La propuesta de José Morales como próximo Fiscal Nacional ha traslucido, una vez más, la pugna de intereses y componendas políticas cruzadas entre los tres poderes del Estado. Una tensión que no es nueva y que resultó muy evidente cuando se nombró anteriormente a Jorge Abbott.
Una nominación, la de Abbott, antecedida de reuniones del incumbente con ministros de la Suprema, distintos parlamentarios y una polémica cita en la casa del senador Girardi. Coincidentemente (y en paralelo), Sabas Chahuán, fiscal nacional de la época, declaraba públicamente tener evidencias para iniciar una persecución penal por financiamiento ilegal de la política, lo que sabemos, con Abbott quedó prácticamente en nada.
En ese escenario, la idea teóricamente virtuosa de una participación autónoma de los tres poderes del Estado en la designación de quien dirige la Fiscalía Nacional, se esfuma ante los ojos de una ciudadanía testigo de negociaciones y acomodos frente a los conflictos de interés que afectan al mundo político y su variado círculo de intereses.
Visto así, lo más probable es que un ciudadano de pie observe este “particular” proceso de elección de la máxima autoridad persecutora de delitos con total escepticismo, Más aún, en un contexto donde la seguridad y el combate a la violencia de distinta índole es lejos la principal preocupación de la ciudadanía.

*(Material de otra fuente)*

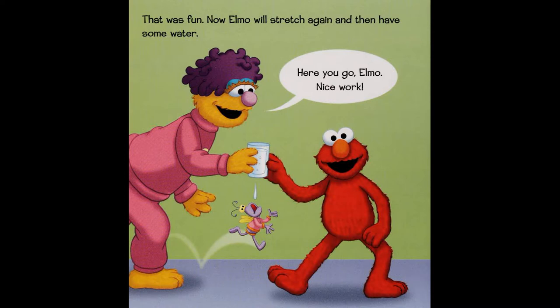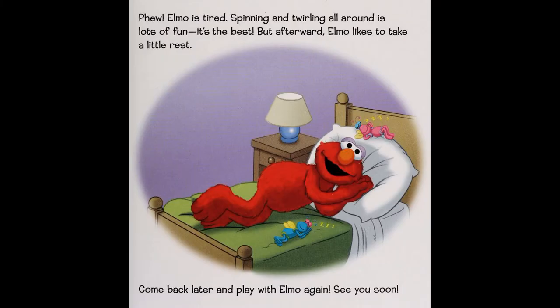Now Elmo will stretch again and then have some water. Here you go, Elmo. Nice work — phew! Elmo is tired. Spinning and twirling all around is lots of fun — it's the best! But afterward, Elmo likes to take a little rest.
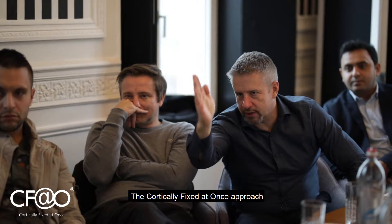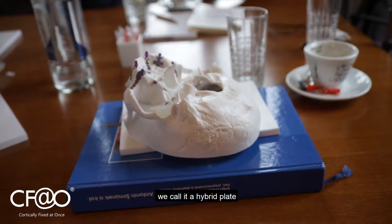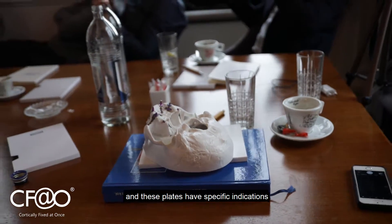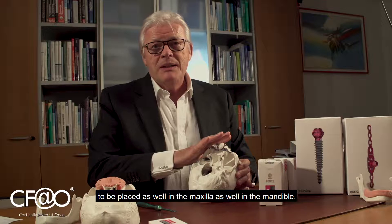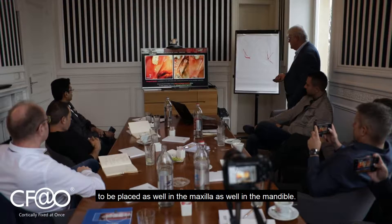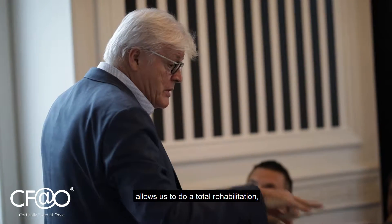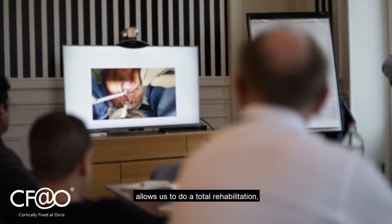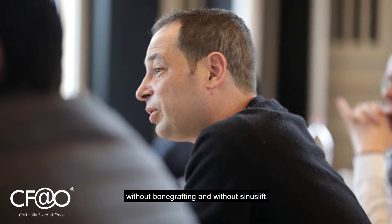The cortically fixed advanced approach contains four different plates — we call them hybrid plates — and these plates have specific indications to be placed in the maxilla as well as in the mandible. The cortically fixed advanced system allows us to do a total rehabilitation and immediate loading without bone grafting and without sinus lift.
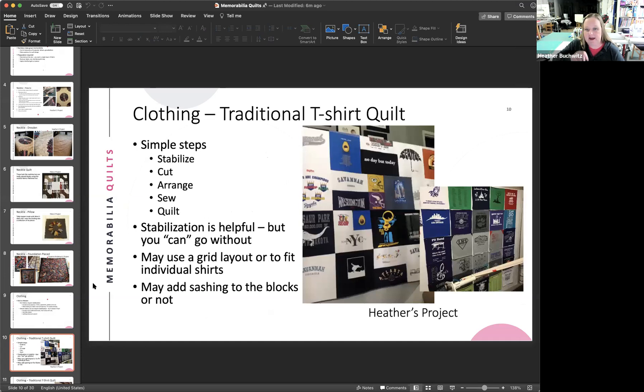Different views of traditional t-shirt quilts are shown. They're simple to do, but you need to stabilize them. The most common method is a fusible iron-on stabilizer. The quilt on the left has t-shirts pieced next to each other, all stabilized — it takes a little more math to figure out rows and columns since none of the verticals line up, though there are rows in that quilt.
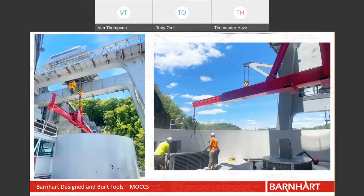Barnhart has a robust lineup of cantilever systems, including the Mini MOCS, Standard MOCS, and Mega MOCS.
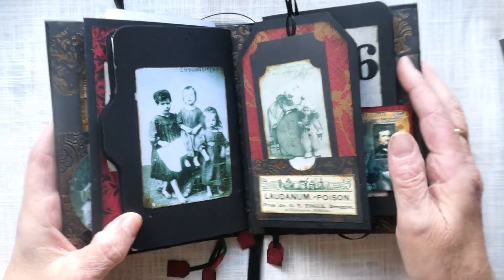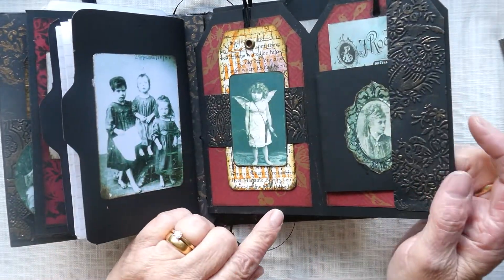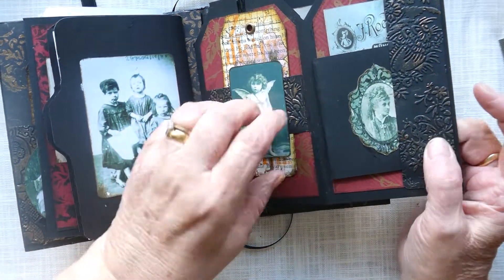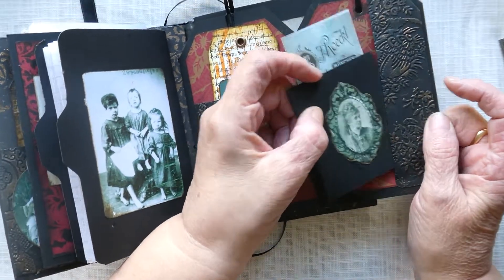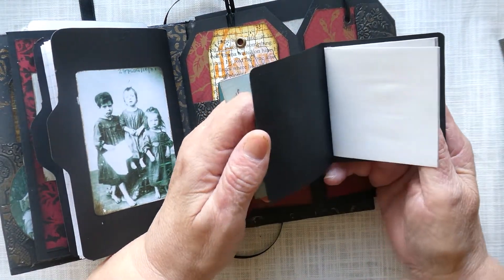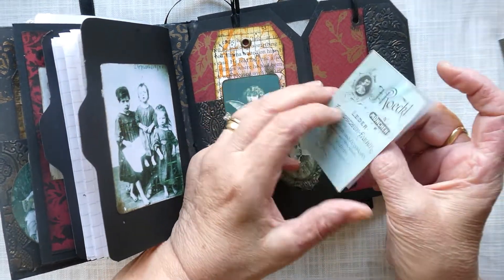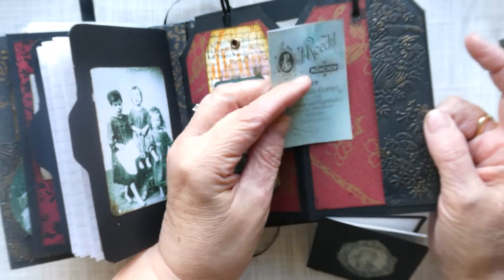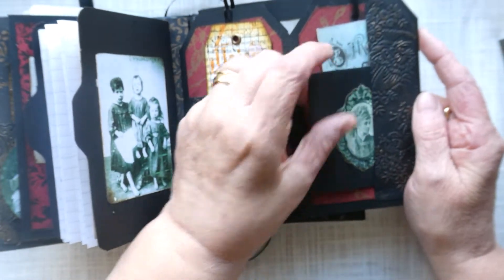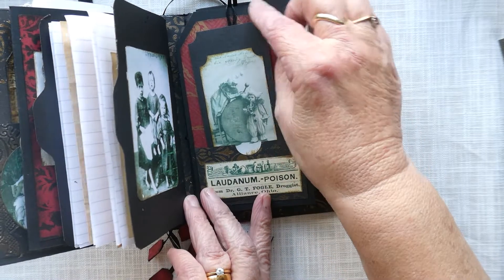The third section is a tag folder, and here I've got a little tag, a journaling tag, a little book with some lined paper to journal in, and a little folder you can journal on that slots in like so. It folds over and there we've got some children's outfits.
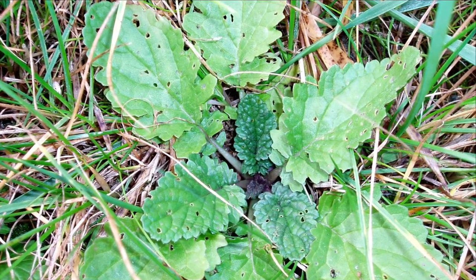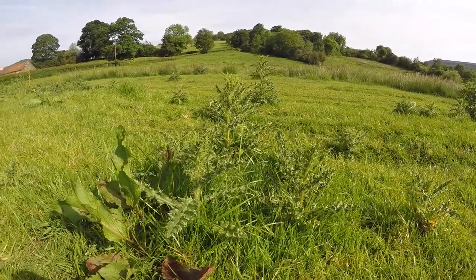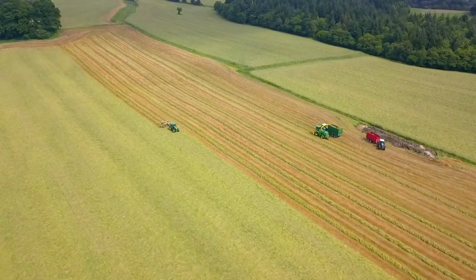Full rate is 3.5 litres and is required when targeting ragwort at a small rosette stage. Key broadleaf weeds such as docks, thistles and nettles can reduce productivity by up to 10% and impact quality of silage. Thrust is also approved for use through a knapsack, which can be particularly useful when controlling ragwort.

De hecho, no es sorprendente que, en 20 años, la crisis de legitimidad del poder judicial se haya ido agravando. En 2002, el CEP realizó una encuesta que mostraba a los tribunales de justicia en el 9º lugar de confianza de las instituciones públicas con apenas un 19%. En diciembre de 2011, la misma encuesta evidenció que sólo un 17%de la ciudadanía confiaba en el Ministerio Público. En la edición más reciente, ambas instituciones comparten tan solo un 15% de confianza ocupando las posiciones 16 y 17 respectivamente entre las instituciones del Estado.
Una desconfianza que tiene una traducción conductual concreta y palpable. En la última versión de la Encuesta Nacional Urbana de Seguridad Pública, sólo 1 de cada 3 hogares víctimas de la delincuencia señaló haber denunciado el delito a la fiscalía. “Cuando las personas piensan que la institución no va a servir para nada, dejan de denunciar, porque el esfuerzo se transforma en algo más costoso que el beneficio que sienten que pueden tener” dijo hace unos meses Daniel Johnson, director ejecutivo de Paz Ciudadana.
Cuando las dinámicas vinculadas al nombramiento de autoridades públicas se perciben turbias, manejadas e inaccesibles al escrutinio público, la desconfianza social se profundiza en distintas capas tectónicas y con sismos recurrentes que no se ven a simple vista.
Lo más evidente es la crisis de legitimidad institucional que se viene arrastrando y no logra recuperarse. Más bien, sigue hundiendo a la justicia. La ciudadanía, pese a expresar los niveles más altos de inseguridad desde que se mide hace 22 años, deja de denunciar, quedando frustrada y enrabiada con un Estado que juzga negligente o francamente incompetente para administrar justicia.
Menos evidente es la deriva autoritaria que emerge en una sociedad que descree en la justicia o siente que esta se le deniega. Una reciente encuesta de Criteria muestra que más de la mitad de la población (56%) dice estar de acuerdo con la idea de “apoyar a un gobierno que intervenga profundamente los tribunales de justicia a cambio de mayor seguridad”.
Es que cuando el clima de inseguridad escala a los niveles actuales, y las causas denunciadas generalmente terminan archivadas sin encontrar a los victimarios, se naturaliza el desprecio y la distancia de la sociedad con las instituciones encargadas de hacer justicia. Pero cuando además se las percibe más orientadas a cuidar los intereses de los poderosos que los de las personas de a pie, el terreno queda abonado a las pulsiones y demandas autoritarias de todo tipo.
Es de esperar que si el Senado ratifica la elección de fiscal hecha por el Presidente Boric, José Morales asuma humildemente que sus mandantes son los ciudadanos y ciudadanas de este país, no quienes lo nombraron y ratificaron considerando que era quien mejor equilibraba sus intereses.